5. Federal Trade Commission (FTC) compliance
As an eCommerce business owner, if you use affiliate marketers or social media influencers to drive brand awareness and boost sales, it’s critical to first be aware of the compliance regulations set forth by the Federal Trade Commission (FTC).
According to the FTC, social media influencers are required to disclose to viewers when they have any sort of financial relationship with an eCommerce brand, especially when publishing sponsored content.
Disclosing to consumers that an affiliate marketer is being paid by your brand helps maintain transparency and honesty across your eCommerce marketing efforts. Failure to comply with this FTC affiliate marketing requirement constitutes a deceptive trade practice under the FTC Act and can result in both the eCommerce company and the affiliate facing substantial fines.
6. Shipping and customs regulations
With many online stores operating across state and international lines, eCommerce stores must understand what they can and cannot ship through the various available shipping providers.
According to the U.S. Postal Service, online stores cannot ship items including but not limited to aerosols, alcoholic beverages, and hemp products both domestically and internationally.
The FTC also has its own Mail Order Rule that requires eCommerce operators to follow fair shipping practices, including meeting any advertised shipping promises (e.g. 2-Day Shipping or Fast Shipping) and providing consumers a refund in the event of unexpected shipping delays.
In 2020, online fashion retailer Fashion Nova had to pay $9.3 million to settle an FTC shipping violation after they failed to notify customers of delayed shipments nor provide the ability to cancel their orders.
7. Trademarks & copyrights
Under U.S. law, properly filed trademarks and copyrights, such as product designs, music, and literature, can only be used by intellectual property owners themselves or by those who have appropriate consent.
As an eCommerce store owner and operator, if you use intellectual property within your products that you don’t have legal consent to use or is not owned by you, you are at risk of a costly copyright infringement lawsuit.
In 2022, eCommerce platform giant Shopify had to pay out a confidential amount to multiple major education publications, including McGraw Hill and Pearson Education, after Shopify failed to take down eCommerce sites selling pirated digital versions of their materials.
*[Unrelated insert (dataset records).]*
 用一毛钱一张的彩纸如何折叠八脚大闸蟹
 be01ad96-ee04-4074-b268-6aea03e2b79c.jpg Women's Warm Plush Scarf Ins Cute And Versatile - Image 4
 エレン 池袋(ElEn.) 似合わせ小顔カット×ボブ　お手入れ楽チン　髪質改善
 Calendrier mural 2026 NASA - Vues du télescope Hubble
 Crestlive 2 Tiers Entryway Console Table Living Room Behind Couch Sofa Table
The Americans with Disabilities Act (ADA) is a federal law that requires all businesses to make their websites accessible to people with disabilities.
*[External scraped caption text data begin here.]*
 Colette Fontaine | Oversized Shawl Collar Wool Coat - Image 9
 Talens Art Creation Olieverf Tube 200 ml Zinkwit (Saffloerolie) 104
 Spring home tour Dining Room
There are a few key things that businesses need to consider when it comes to ADA compliance:
- Web content: Websites should be designed in a way that is easy for people with disabilities to use. This includes using clear and easy-to-read text, providing alt text for images, and using headings and lists to organize content.
- Navigation: Websites should be easy to navigate, with clear links and buttons that are easy to click on.
- Forms: Forms should be easy to fill out and submit, with clear labels and instructions.
- Multimedia: Websites should provide captions and transcripts for videos and other multimedia content.
In sum, these are the biggest regulations that all eCommerce businesses should know about and abide by. However, in our experience, the one that trips up business owners the most is sales tax requirements.